If you hadn’t guessed by the Title, I don’t like the “listen to your body” meme.  Listen to my body?  If I did that, I’d spend much more time eating and sitting on the freaking couch.  My body says, “Hey, smartass, cut this cycling $#!+ out!  Why don’t you take a day off or somethin’!”  I tell my body it will comply, and for the other 23 hours of the day I feel better for it.

With the onset of winter, more than a couple of weeks early, I’ve been spending the proper amount of time on the trainer.  Some of my friends, Titanium Henry and Brent to name two, are trying to push me into picking up fat bikes up for Mrs. Bgddy and me.  I’m not buying, though.  I know this is heresy, but I’m at a point where I’ve got so many bikes I’m feeling a little guilty for having so much wrapped up into them.  I don’t have room for my snow blower let alone another bike.

This year, while I do deride my time on the beast trainer on the blog, I’ve been enjoying it more than usual – I haven’t missed a day since the weather turned to crap, three weeks ago.  While I’m waiting for the first of the New Year to really kick it in the butt, I haven’t been taking it easy either.

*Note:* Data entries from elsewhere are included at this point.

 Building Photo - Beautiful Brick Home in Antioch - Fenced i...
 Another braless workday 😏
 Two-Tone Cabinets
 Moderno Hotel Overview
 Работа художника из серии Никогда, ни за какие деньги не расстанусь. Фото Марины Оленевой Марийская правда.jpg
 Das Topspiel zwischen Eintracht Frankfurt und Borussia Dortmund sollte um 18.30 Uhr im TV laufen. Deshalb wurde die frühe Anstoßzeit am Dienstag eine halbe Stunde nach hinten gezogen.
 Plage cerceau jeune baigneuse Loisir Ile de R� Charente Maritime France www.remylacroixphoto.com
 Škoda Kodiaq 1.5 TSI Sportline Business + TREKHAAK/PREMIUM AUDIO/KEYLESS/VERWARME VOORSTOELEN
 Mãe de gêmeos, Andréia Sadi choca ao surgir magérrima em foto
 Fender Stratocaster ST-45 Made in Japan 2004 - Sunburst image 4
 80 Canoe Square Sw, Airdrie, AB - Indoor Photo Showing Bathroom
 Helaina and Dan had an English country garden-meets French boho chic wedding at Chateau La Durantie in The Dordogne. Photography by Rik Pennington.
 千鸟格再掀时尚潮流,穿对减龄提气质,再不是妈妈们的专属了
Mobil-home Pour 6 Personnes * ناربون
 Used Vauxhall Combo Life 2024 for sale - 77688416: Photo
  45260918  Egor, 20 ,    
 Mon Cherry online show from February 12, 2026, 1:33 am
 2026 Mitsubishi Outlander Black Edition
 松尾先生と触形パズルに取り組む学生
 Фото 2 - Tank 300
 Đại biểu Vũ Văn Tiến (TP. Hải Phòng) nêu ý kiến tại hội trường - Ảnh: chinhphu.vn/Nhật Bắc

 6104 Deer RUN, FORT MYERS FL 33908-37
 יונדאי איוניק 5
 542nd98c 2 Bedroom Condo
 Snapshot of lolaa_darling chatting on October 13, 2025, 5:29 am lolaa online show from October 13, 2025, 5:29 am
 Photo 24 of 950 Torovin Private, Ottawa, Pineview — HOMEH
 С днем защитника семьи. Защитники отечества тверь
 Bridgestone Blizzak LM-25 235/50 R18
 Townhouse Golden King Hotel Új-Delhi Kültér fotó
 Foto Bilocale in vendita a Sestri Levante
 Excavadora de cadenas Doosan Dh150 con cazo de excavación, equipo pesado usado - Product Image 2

More important, the trainer provides the perfect platform to dial in and fine tune the set-up on my bikes and cleats, if needed.  I don’t have to worry about traffic or balance and I can easily concentrate on how I feel on the bike.  I adjusted my right cleat a bit a couple of weeks ago and that worked out well.  I ran into another problem that required a small adjustment last night as well…  It turns out, with certain bibs, my Trek’s saddle is a little high.  I’ve got three pair with a thicker chamois and two are reserved for riding the Specialized only (I have a softer saddle on the Trek to smooth out the ride a little bit, otherwise it’s pretty harsh – the Venge has hardly any padding on the saddle).

So there I am putting in my time on the turbo last night and I just couldn’t get comfortable with the thicker chamois (we’re only talking a millimeter, it really shouldn’t matter).  First my hip was hurting, then my right foot, then my sit bones (all lower half of the body related)…  30 minutes in, I’d had enough.  I hopped off the trainer and went into the bike room to get my wrenches.  I lowered the saddle one millimeter.  Just one.  Foot pain gone, inside of the thigh pain gone, hip pain gone.

When I’m out on the road there are far too many variables.  Out of the saddle going up hills and during City Limits sign sprints, in the drops, on the hoods, on the bar top…  I’m all over the bike when I’m outside.  Indoors, I’m on the hoods, butt in the happy spot on the saddle, pedal, 90 RPM cadence for 45 minutes.  Period, end of story.  That much time in one spot helps to isolate little pains here and there, so I can really concentrate on what’s right and what might need tweaking.

One thing everyone will tell you about fitting bikes to the cyclist:  It’s rarely set it and forget it.  I had the set-up on the Trek dialed in for almost two years now, it worked fine.  No longer though.

So yes, the trainer (or rollers – pick your poison) sucks.  Use the time to feel your bike out.  If there’s a tweak needed, it’ll show up while you’re putting in your torture time.


It makes you wonder… If they had the technology back in the medieval period, would they have had one or two of these in the dungeon?

Some photos from happier, warmer times:


  1. I’m with you…listen to your body? Mine says, on a loop, “no-ones looking man, quick, buy donuts!”

  2. Brent says:

    OK, so you’ve decided that you’re not going to get a pair of fat bikes. Now that you’ve come down hard on the side of more room in your garage, I should just point out that it’s vitally important that you stay as far away as possible from any upcoming fat bike demo days at your local bike shop.

    You have a strong program that will allow you to have dinner where alcohol is served, but that practice in avoiding temptation will avail you nothing when it comes to taking a ride on squishy 5″ tires on packed trails. They don’t have meetings for that yet.

    We’re going to get you. Titanium Henry and I are plotting while you’re on the rollers downstairs. It may take another season or two, but we WILL sign you up to the ranks of smiling fat bike riders.